07/03/2026
¿SABÍAS QUE LAS HIJAS DE LOT SE ACOSTARON CON SU PROPIO PADRE EN UNA CUEVA DESPUÉS DE ESCAPAR DE SODOMA?
Génesis 19:30-38 registra uno de los episodios más perturbadores de la Escritura. Después de que Sodoma y Gomorra fueron destruidas, Lot huyó con sus dos hijas a una cueva en las montañas. Su esposa se había convertido en estatua de sal por desobedecer. Aisladas del mundo, creyendo que eran las últimas personas vivas, las hijas tomaron una decisión desesperada: "Nuestro padre es viejo, y no queda varón en la tierra que entre a nosotros conforme a la costumbre de toda la tierra. Ven, demos a beber vino a nuestro padre, y durmamos con él, y conservaremos de nuestro padre descendencia". No fue pasión sino cálculo frío para preservar la especie humana como ellas la entendían.

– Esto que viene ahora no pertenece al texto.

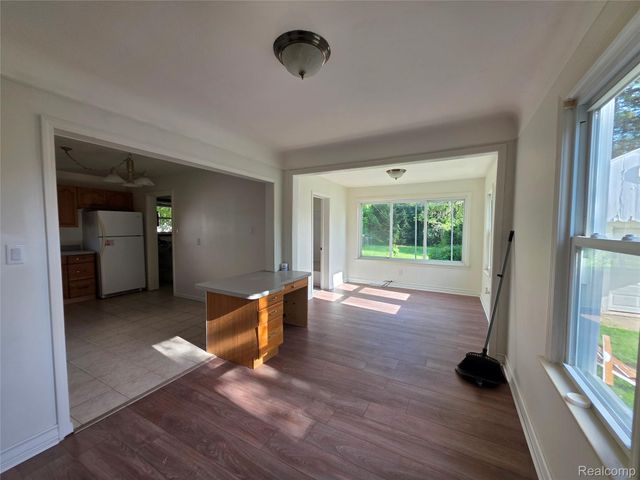 3342 Bart Avenue, Warren, MI 48091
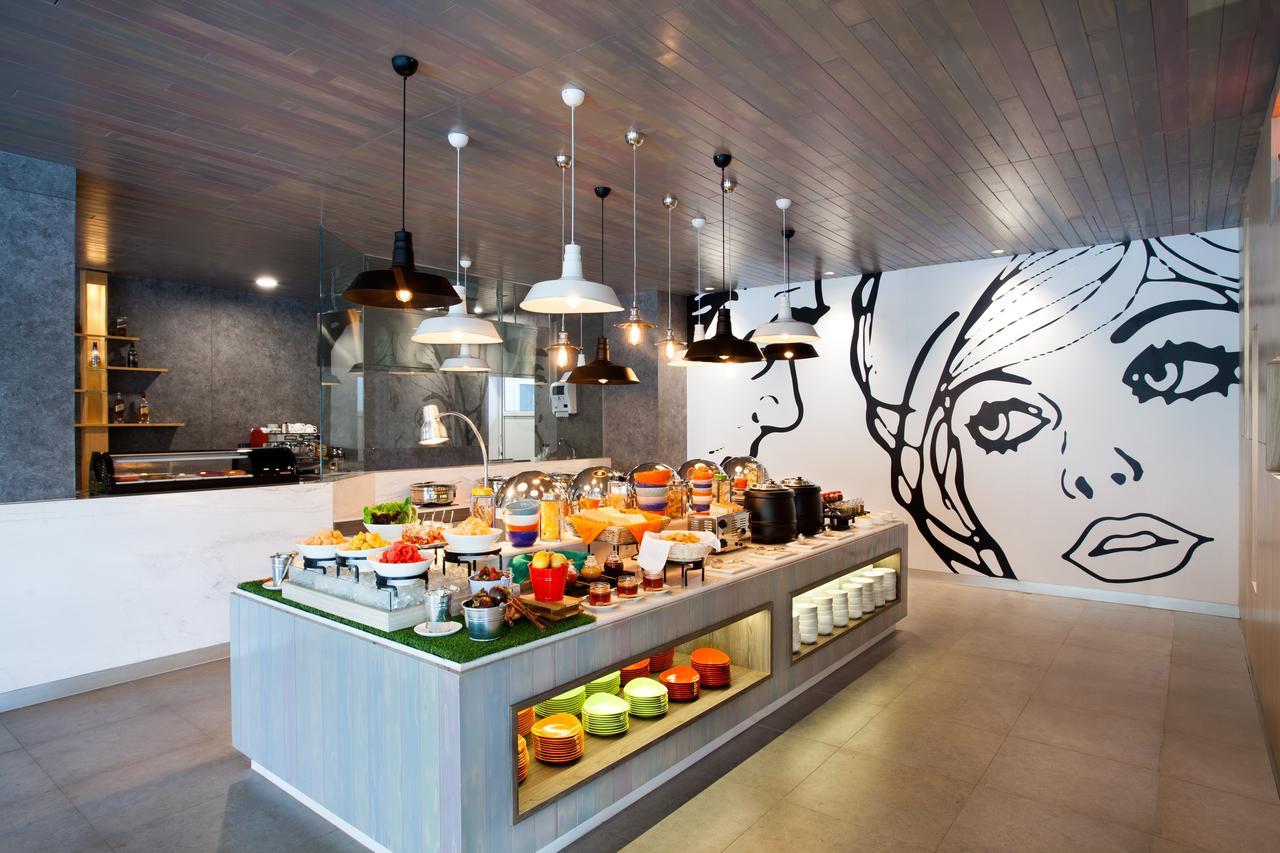 Ibis Styles Jakarta Sunter מראה חיצוני תמונה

La mayor emborrachó a Lot hasta que perdió consciencia de sus actos. Génesis 19:33 dice: "Y dieron a beber vino a su padre aquella noche, y entró la mayor, y durmió con su padre; mas él no sintió cuándo se acostó ella, ni cuándo se levantó". Al día siguiente, la menor hizo lo mismo. Ambas quedaron embarazadas de su propio padre. Este no fue romance prohibido sino 1nc3sto calculado nacido de aislamiento, trauma, y teología distorsionada. Las hijas crecieron en Sodoma, vieron a su padre ofrecer entregarlas a una turba violenta, perdieron a su madre instantáneamente, y ahora vivían en una cueva creyendo que el mundo había terminado. Su brújula moral estaba completamente destruida.
De estas uniones nacieron Moab y Ben-ammi, fundadores de los moabitas y amonitas respectivamente. Génesis 19:37-38 registra sus nombres sin comentario moral adicional, dejando que los hechos hablen por sí mismos. Estos pueblos se convirtieron en enemigos perpetuos de Israel. Deuteronomio 23:3 prohibió su entrada a la congregación de Jehová "hasta la décima generación". La ironía es devastadora: Lot intentó proteger el linaje puro rehusando que sus hijas se casaran con hombres de Sodoma, y terminó siendo él mismo quien contaminó ese linaje de la manera más abominable. El hombre que escapó del juicio de fuego cayó en el juicio de su propia familia disfuncional.
La Biblia no oculta los pecados de sus personajes. Pedro llamó a Lot "justo" (2 Pedro 2:7-8), no porque fuera perfecto sino porque su alma se afligía por la maldad circundante. Pero años viviendo en Sodoma lo debilitaron espiritualmente, y cuando la crisis llegó, ni él ni sus hijas tuvieron fundamento moral firme. La lección no es que Lot fue hipócrita, sino que el ambiente que toleramos termina formándonos. Sus hijas aprendieron en Sodoma que el fin justifica los medios, que la desesperación anula la moralidad, que la supervivencia es el único valor absoluto. Y en una cueva oscura, aplicaron esas lecciones con consecuencias que resonarían por mil años en la historia de Israel.